While these two scenarios offer some hope that Egypt’s constitutional process can still be salvaged to produce a legitimate and consensus-based legal framework, the current lose-lose situation — either writing a constitution too quickly under military rule or postponing it until after the election of a president with constitutionally ambiguous powers – could have been averted a year ago if only Egypt’s interim leaders had had the wisdom to put down in writing, before any elections, a constitutional framework to safeguard Egypt’s democratic transition.
Judge Abd al-Aziz hopes that the people have learned the lessons of their fatal mistake in the referendum on the SCAF’s proposed constitutional amendments last March, which set the whole transitional sequence on a collision course. “In the last referendum, people accepted the package of constitutional amendments as an interim legal framework but later realized that the constitution should have been written before anything else. Now they have learned from that mistake and will be careful in the next referendum,” Abd al-Aziz said.
However, others are not so sure that the public possesses the political literacy and consciousness needed to grasp the high stakes involved in drafting a new constitution. Many are concerned that the passage of the referendum on a constitution constructed under the auspices of the SCAF and Islamist-dominated parliament, is a foregone conclusion.
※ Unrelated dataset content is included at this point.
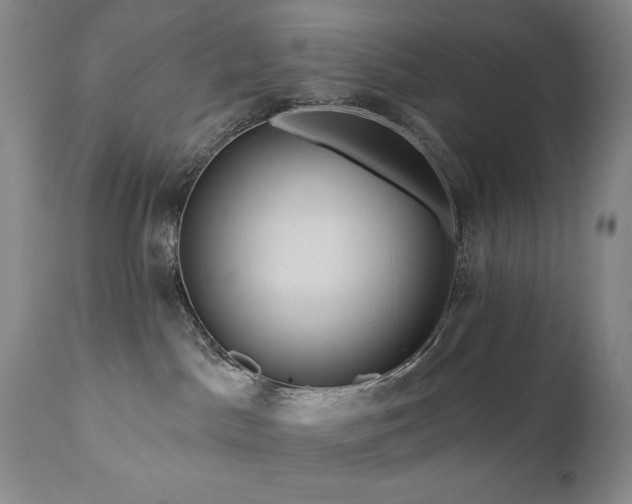 X0000111040045200906251412
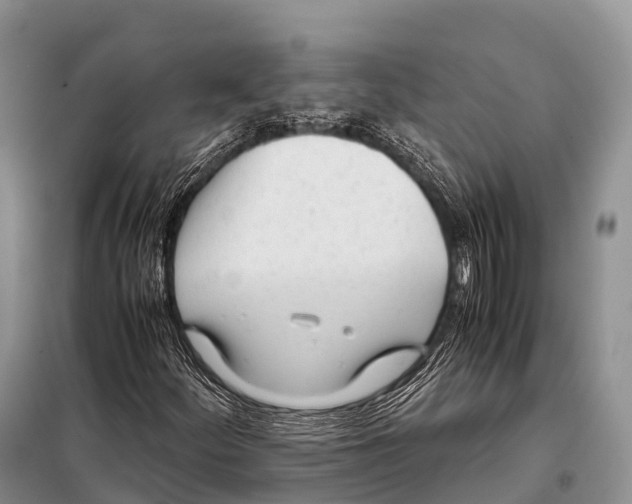 X0000098121252200805021148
Negad El Borai, one of Egypt’s most respected legal thinkers and human rights advocates, fears that the short time period remaining before the constitutional referendum is not enough time to foster broad-based awareness of the constitution’s significance and allow for public debate on its content. “It should take at least a year to have an adequately inclusive discussion,” El Borai said, noting that “the important feature of a legitimate constitution is not its content or language but popular buy-in from the people.” The constitution is the key to codifying a new and more democratic social contract is the post-Mubarak Egypt – It should reflect a deep and durable consensus that cannot be legitimately forged overnight, or under the grip of military rule.